Records provided:
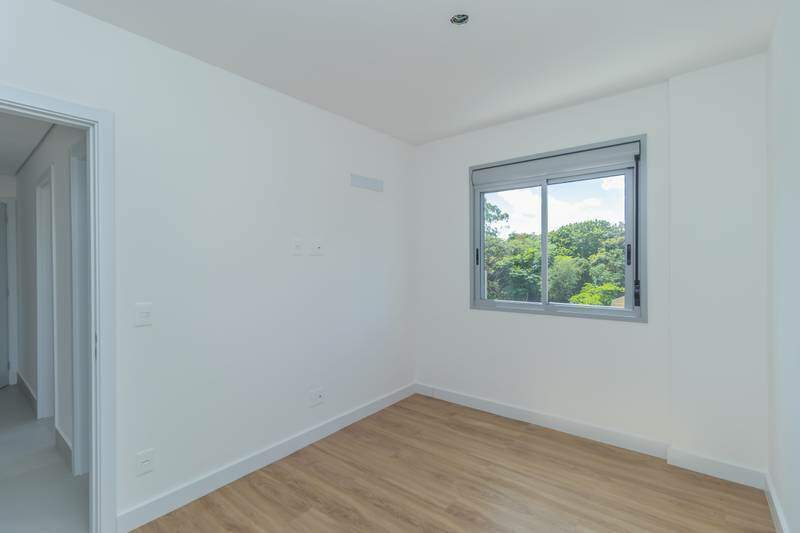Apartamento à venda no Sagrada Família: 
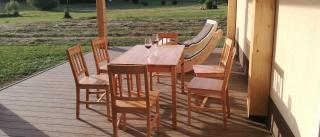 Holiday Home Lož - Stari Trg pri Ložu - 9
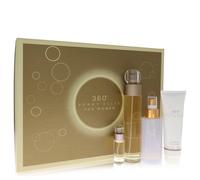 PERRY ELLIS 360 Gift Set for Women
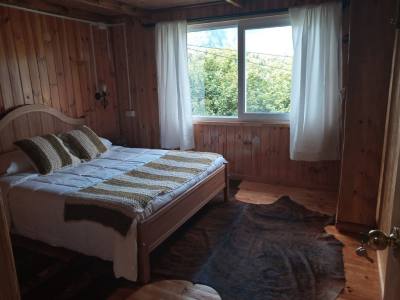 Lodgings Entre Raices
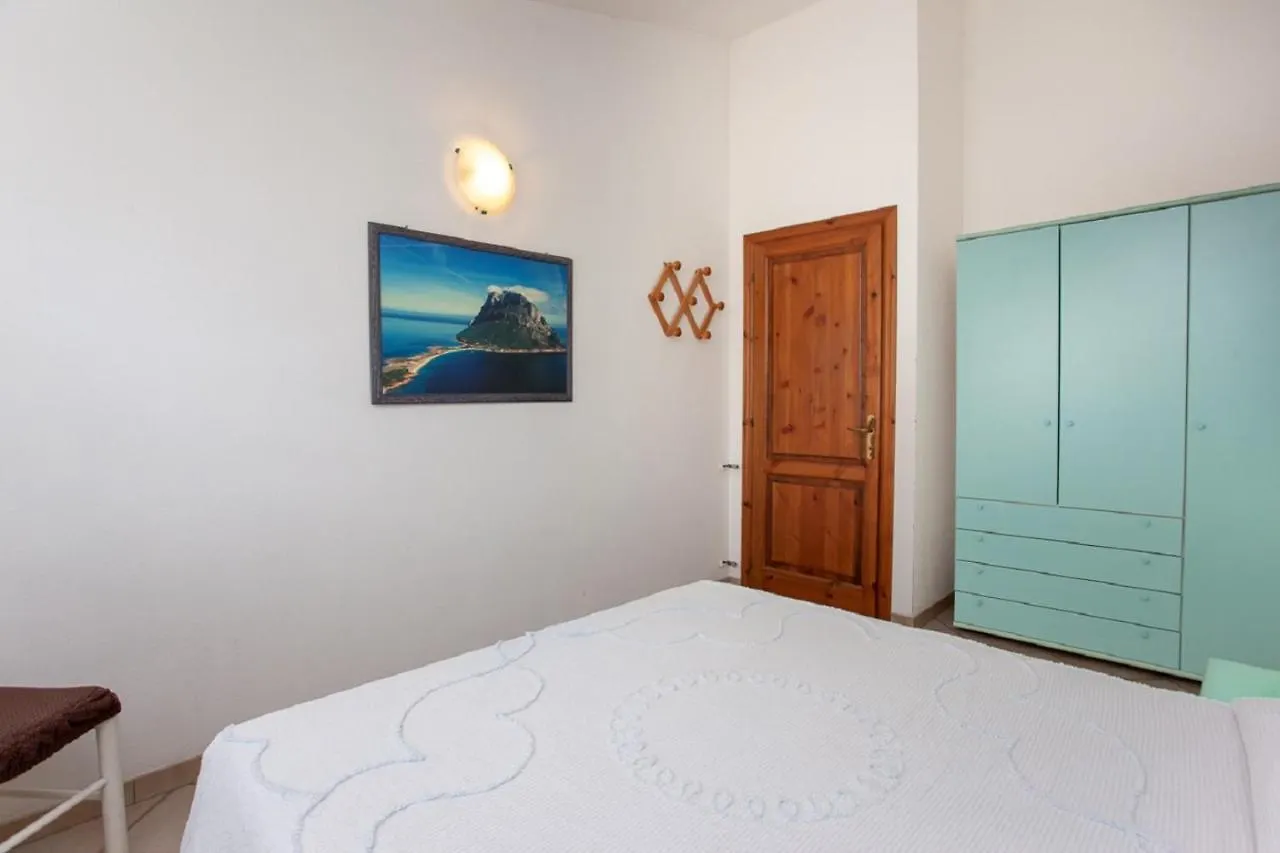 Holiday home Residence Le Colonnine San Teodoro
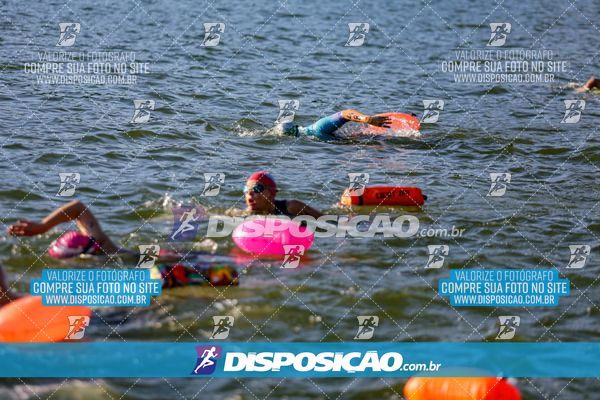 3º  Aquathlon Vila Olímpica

---

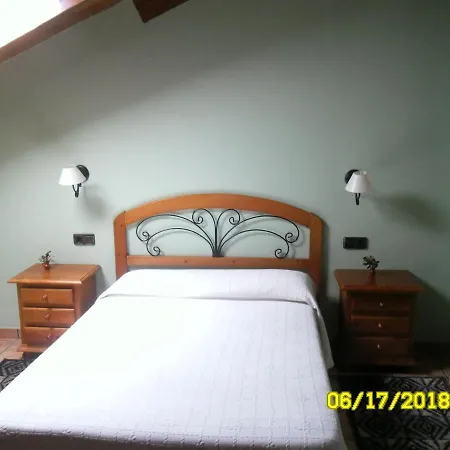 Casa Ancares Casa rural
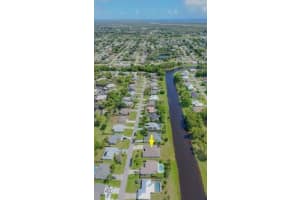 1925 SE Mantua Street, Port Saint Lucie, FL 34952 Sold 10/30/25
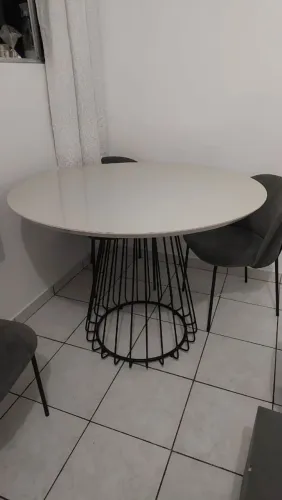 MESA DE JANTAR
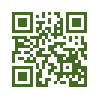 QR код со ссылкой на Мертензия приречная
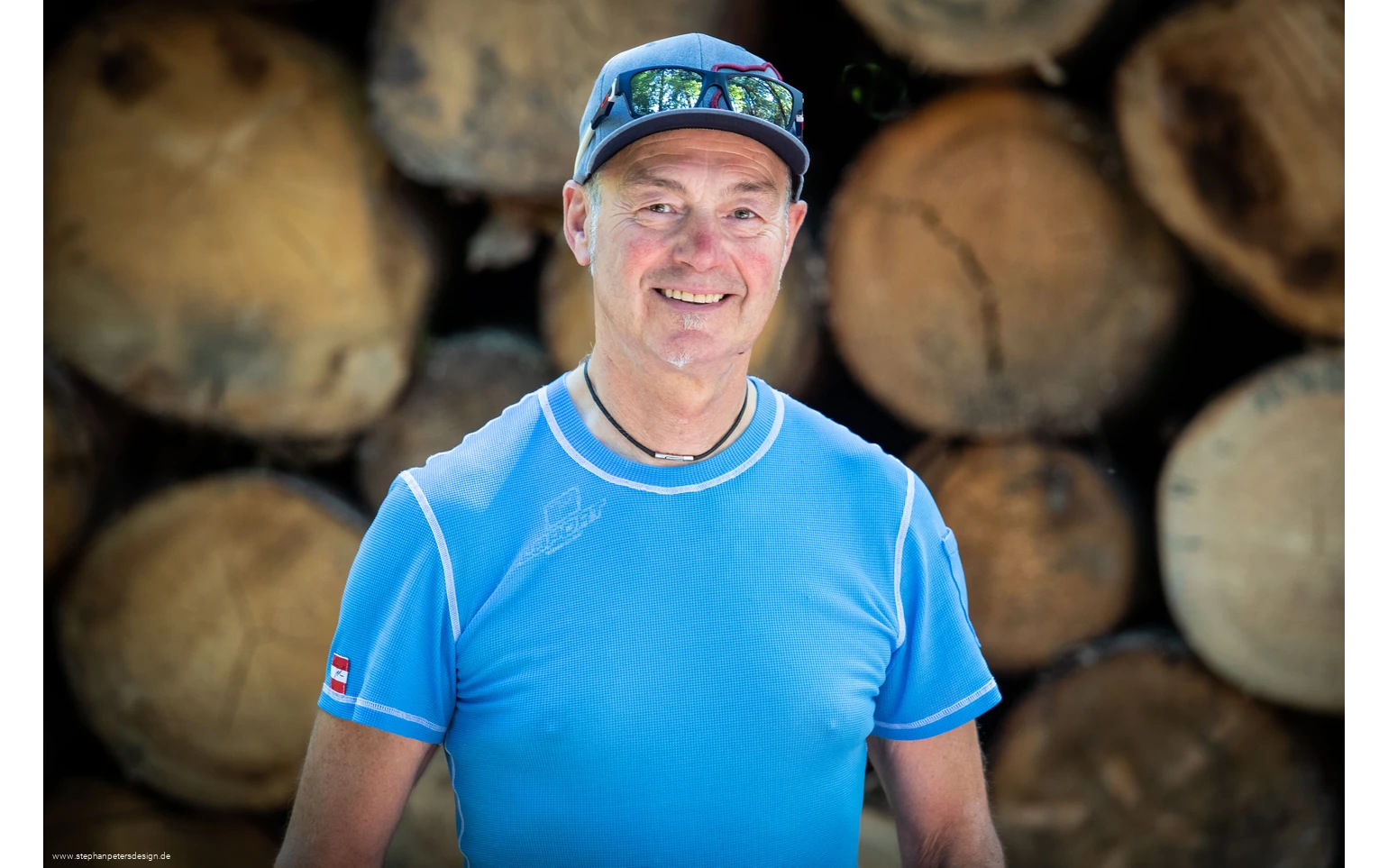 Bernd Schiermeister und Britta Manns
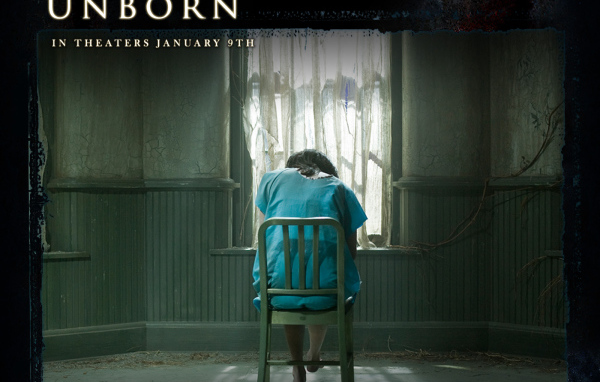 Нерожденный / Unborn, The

Description of the task:
Your answer should be the lines above, word for word, from the line with "PERRY ELLIS 360 Gift Set for Women" through the line with "Aquathlon Vila Olímpica", minus the pictures.

The completed task:
 PERRY ELLIS 360 Gift Set for Women
 Lodgings Entre Raices
 Holiday home Residence Le Colonnine San Teodoro
 3º  Aquathlon Vila Olímpica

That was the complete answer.